— Work request —
Write out exactly the lines that run from the one containing "this 414×251 image." to the end of the entries below, with both end lines included.

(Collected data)
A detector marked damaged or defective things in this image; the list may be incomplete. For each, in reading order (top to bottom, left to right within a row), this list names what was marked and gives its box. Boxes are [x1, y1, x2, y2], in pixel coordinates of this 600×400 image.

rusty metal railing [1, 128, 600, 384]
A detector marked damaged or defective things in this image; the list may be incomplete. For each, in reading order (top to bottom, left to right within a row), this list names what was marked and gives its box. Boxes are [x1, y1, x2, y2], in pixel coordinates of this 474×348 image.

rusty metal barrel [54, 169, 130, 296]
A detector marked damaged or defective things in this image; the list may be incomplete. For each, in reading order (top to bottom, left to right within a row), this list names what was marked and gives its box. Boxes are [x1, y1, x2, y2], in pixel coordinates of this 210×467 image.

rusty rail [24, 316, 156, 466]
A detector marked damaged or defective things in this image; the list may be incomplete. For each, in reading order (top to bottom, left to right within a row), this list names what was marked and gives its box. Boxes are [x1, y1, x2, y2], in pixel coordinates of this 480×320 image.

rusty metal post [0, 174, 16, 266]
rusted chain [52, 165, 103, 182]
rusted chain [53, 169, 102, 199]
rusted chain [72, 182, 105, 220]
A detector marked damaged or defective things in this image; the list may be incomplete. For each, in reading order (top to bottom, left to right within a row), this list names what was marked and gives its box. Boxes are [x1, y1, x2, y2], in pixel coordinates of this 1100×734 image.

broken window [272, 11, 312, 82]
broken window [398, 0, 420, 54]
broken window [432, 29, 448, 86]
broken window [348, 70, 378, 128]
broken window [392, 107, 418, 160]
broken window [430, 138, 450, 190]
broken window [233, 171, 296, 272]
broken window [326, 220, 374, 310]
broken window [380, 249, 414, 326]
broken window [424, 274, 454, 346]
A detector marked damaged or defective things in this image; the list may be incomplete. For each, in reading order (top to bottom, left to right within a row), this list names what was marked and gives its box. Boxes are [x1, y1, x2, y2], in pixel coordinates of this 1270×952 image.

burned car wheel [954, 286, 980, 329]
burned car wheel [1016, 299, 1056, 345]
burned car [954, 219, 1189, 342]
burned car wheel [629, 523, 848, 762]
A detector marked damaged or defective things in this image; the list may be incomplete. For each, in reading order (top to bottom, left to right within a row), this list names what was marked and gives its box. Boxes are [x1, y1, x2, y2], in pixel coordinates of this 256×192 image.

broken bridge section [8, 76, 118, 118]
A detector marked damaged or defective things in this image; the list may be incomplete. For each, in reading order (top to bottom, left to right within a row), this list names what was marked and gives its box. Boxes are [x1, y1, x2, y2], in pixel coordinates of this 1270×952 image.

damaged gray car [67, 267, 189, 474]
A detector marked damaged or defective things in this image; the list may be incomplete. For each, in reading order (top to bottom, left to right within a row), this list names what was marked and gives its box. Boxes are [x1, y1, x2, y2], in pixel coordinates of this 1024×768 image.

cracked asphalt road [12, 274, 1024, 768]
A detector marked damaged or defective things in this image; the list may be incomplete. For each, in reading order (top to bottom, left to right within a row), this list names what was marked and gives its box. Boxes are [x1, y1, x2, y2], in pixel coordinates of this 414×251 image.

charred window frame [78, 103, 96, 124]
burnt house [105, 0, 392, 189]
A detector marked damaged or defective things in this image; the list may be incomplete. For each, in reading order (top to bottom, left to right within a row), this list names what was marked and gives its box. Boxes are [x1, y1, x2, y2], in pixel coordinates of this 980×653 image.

— Exercise response —
A detector marked damaged or defective things in this image; the list may be incomplete. For each, in reading order (top to bottom, left to right within a row), this list names what was marked and gives its box. Boxes are [x1, y1, x2, y2], in pixel coordinates of this 414×251 image.

charred window frame [78, 103, 96, 124]
burnt house [105, 0, 392, 189]
A detector marked damaged or defective things in this image; the list may be incomplete. For each, in reading order (top to bottom, left to right within a row), this list names what was marked and gives its box. Boxes are [x1, y1, x2, y2], in pixel coordinates of this 980×653 image.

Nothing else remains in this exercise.